## What you have to do
Starting with the line containing "Laptop ACER Aspire" and going on through the line containing "Sahte reçete soruşturmasında", return the lines of the data below exactly, and only those.

## Data for analysis
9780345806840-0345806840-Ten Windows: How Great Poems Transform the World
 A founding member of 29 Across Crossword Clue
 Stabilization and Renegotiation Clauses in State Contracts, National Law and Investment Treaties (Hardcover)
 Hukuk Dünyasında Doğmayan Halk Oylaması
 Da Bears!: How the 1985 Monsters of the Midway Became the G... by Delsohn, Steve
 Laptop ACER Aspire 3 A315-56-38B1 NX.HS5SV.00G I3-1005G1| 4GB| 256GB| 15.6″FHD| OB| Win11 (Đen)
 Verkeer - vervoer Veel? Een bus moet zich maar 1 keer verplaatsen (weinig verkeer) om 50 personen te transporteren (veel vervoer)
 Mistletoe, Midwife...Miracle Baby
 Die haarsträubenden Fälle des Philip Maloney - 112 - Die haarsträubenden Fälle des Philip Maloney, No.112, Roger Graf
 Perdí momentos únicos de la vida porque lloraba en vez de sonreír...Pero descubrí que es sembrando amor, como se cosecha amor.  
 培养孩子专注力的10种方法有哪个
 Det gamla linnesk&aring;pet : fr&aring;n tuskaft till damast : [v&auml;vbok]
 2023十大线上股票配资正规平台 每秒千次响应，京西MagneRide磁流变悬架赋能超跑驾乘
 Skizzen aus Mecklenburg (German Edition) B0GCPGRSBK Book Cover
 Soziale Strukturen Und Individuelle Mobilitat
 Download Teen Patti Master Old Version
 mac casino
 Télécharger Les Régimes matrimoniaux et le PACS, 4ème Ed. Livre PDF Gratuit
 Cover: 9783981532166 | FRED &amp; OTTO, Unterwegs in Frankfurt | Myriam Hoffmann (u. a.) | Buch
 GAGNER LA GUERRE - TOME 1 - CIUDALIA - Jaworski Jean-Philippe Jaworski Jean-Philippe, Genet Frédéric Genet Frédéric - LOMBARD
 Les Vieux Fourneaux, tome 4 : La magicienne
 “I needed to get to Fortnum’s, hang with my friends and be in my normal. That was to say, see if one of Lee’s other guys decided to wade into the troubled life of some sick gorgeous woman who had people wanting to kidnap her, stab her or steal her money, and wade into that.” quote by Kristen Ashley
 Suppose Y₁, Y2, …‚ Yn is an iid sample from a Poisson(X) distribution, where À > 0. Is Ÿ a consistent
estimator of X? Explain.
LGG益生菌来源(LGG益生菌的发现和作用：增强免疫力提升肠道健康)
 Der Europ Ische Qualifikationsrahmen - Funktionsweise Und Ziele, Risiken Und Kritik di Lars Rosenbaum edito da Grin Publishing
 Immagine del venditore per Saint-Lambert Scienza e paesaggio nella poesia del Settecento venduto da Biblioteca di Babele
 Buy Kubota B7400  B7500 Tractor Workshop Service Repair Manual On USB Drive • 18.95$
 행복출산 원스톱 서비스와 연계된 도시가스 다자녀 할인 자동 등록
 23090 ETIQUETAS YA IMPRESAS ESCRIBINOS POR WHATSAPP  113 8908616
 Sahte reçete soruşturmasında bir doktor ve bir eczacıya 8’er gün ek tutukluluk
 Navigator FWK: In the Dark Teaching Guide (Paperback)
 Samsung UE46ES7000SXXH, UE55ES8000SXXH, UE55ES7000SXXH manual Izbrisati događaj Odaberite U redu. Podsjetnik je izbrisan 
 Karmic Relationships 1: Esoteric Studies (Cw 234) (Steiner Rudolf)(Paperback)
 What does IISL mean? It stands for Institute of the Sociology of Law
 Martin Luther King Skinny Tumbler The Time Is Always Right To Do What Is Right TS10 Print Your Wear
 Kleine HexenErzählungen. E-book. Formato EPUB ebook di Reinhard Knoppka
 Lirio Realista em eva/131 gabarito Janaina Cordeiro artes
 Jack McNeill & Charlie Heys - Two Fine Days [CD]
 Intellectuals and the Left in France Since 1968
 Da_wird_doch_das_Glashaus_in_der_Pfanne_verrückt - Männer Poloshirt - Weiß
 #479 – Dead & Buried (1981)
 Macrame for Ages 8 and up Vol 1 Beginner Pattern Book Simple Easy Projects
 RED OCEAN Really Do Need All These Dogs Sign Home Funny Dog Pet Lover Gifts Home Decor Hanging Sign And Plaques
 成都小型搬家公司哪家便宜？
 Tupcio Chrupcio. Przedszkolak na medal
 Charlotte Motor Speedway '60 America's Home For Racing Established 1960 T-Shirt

## Result of the task
 Laptop ACER Aspire 3 A315-56-38B1 NX.HS5SV.00G I3-1005G1| 4GB| 256GB| 15.6″FHD| OB| Win11 (Đen)
 Verkeer - vervoer Veel? Een bus moet zich maar 1 keer verplaatsen (weinig verkeer) om 50 personen te transporteren (veel vervoer)
 Mistletoe, Midwife...Miracle Baby
 Die haarsträubenden Fälle des Philip Maloney - 112 - Die haarsträubenden Fälle des Philip Maloney, No.112, Roger Graf
 Perdí momentos únicos de la vida porque lloraba en vez de sonreír...Pero descubrí que es sembrando amor, como se cosecha amor.  
 培养孩子专注力的10种方法有哪个
 Det gamla linnesk&aring;pet : fr&aring;n tuskaft till damast : [v&auml;vbok]
 2023十大线上股票配资正规平台 每秒千次响应，京西MagneRide磁流变悬架赋能超跑驾乘
 Skizzen aus Mecklenburg (German Edition) B0GCPGRSBK Book Cover
 Soziale Strukturen Und Individuelle Mobilitat
 Download Teen Patti Master Old Version
 mac casino
 Télécharger Les Régimes matrimoniaux et le PACS, 4ème Ed. Livre PDF Gratuit
 Cover: 9783981532166 | FRED &amp; OTTO, Unterwegs in Frankfurt | Myriam Hoffmann (u. a.) | Buch
 GAGNER LA GUERRE - TOME 1 - CIUDALIA - Jaworski Jean-Philippe Jaworski Jean-Philippe, Genet Frédéric Genet Frédéric - LOMBARD
 Les Vieux Fourneaux, tome 4 : La magicienne
 “I needed to get to Fortnum’s, hang with my friends and be in my normal. That was to say, see if one of Lee’s other guys decided to wade into the troubled life of some sick gorgeous woman who had people wanting to kidnap her, stab her or steal her money, and wade into that.” quote by Kristen Ashley
 Suppose Y₁, Y2, …‚ Yn is an iid sample from a Poisson(X) distribution, where À > 0. Is Ÿ a consistent
estimator of X? Explain.
LGG益生菌来源(LGG益生菌的发现和作用：增强免疫力提升肠道健康)
 Der Europ Ische Qualifikationsrahmen - Funktionsweise Und Ziele, Risiken Und Kritik di Lars Rosenbaum edito da Grin Publishing
 Immagine del venditore per Saint-Lambert Scienza e paesaggio nella poesia del Settecento venduto da Biblioteca di Babele
 Buy Kubota B7400  B7500 Tractor Workshop Service Repair Manual On USB Drive • 18.95$
 행복출산 원스톱 서비스와 연계된 도시가스 다자녀 할인 자동 등록
 23090 ETIQUETAS YA IMPRESAS ESCRIBINOS POR WHATSAPP  113 8908616
 Sahte reçete soruşturmasında bir doktor ve bir eczacıya 8’er gün ek tutukluluk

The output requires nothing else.